Text-to-speech (TTS) technology has become incredibly powerful, but accessing high-quality voice synthesis usually means paying for expensive APIs or running resource-intensive models on local hardware. What if you could build and host your own TTS application with studio-quality voices, all running for free in the cloud? That’s exactly what we’ll accomplish using Google Colab, Kokoro TTS, and Pinggy.

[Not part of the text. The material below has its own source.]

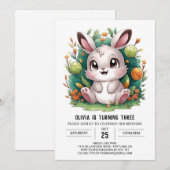Niedlicher schöner Bunny Digital Geburtstag Einladung (Vorne/Hinten)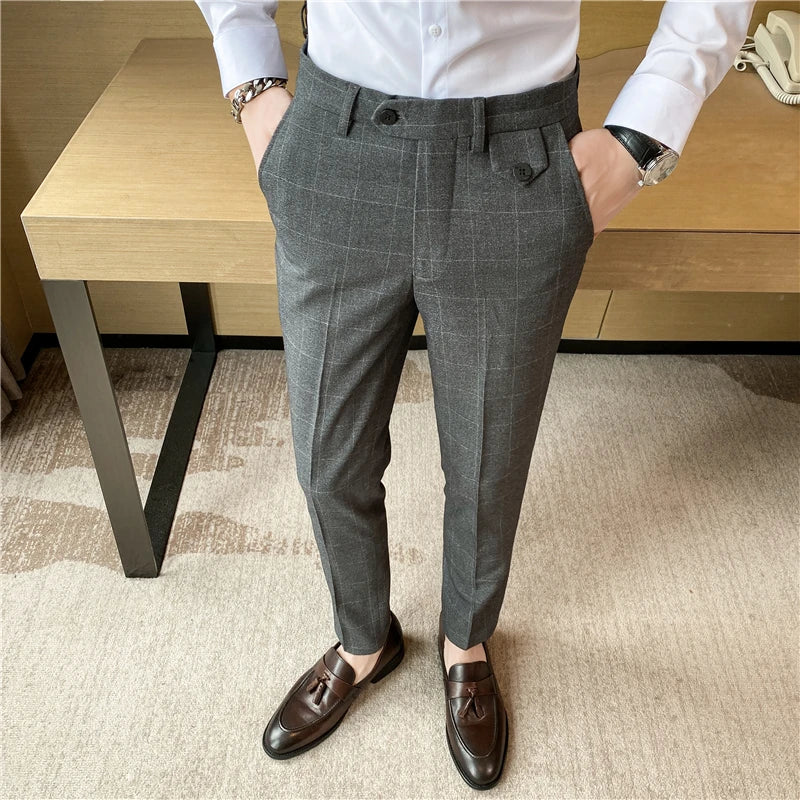 men’s check tailored trousers, modern check dress pants, slim fit men’s trousers, English style trousers, smart casual men’s pants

In this guide, we’ll build a complete text-to-speech web application using the Kokoro TTS model - a lightweight yet powerful model that delivers natural-sounding speech across multiple languages and voices. You’ll learn how to set up everything on Google Colab’s free tier, create a beautiful Gradio interface, and make it publicly accessible to anyone on the internet.

Summary

  1. Setup Google Colab with GPU

    • Create new notebook and enable T4 GPU runtime
    • GPU accelerates audio generation significantly
  2. Install Pinggy and Create Tunnel

    • Install: !pip install pinggy
    • Create tunnel: pinggy.start_tunnel(forwardto="localhost:5000")
  3. Install TTS Dependencies

    • Install packages: !pip install kokoro-onnx gradio soundfile torch numpy
    • Model files download automatically from GitHub releases
  4. Build Gradio TTS Application

    • Create web interface with voice and language selection
    • Support for multiple voices and speed control
  5. Access Your TTS App

    • Open Pinggy URL in browser
    • Generate speech and download audio files

GitHub Repository: TTS Application Code

Key Tools: Kokoro-ONNX | Pinggy for tunneling

Why Self-Host Text-to-Speech on Google Colab?

Commercial TTS APIs like Amazon Polly, Google Cloud TTS, and ElevenLabs charge per character or per minute of generated audio. For developers, content creators, or anyone generating substantial amounts of audio, these costs add up quickly. Self-hosting eliminates these recurring expenses while giving you complete control over your TTS pipeline.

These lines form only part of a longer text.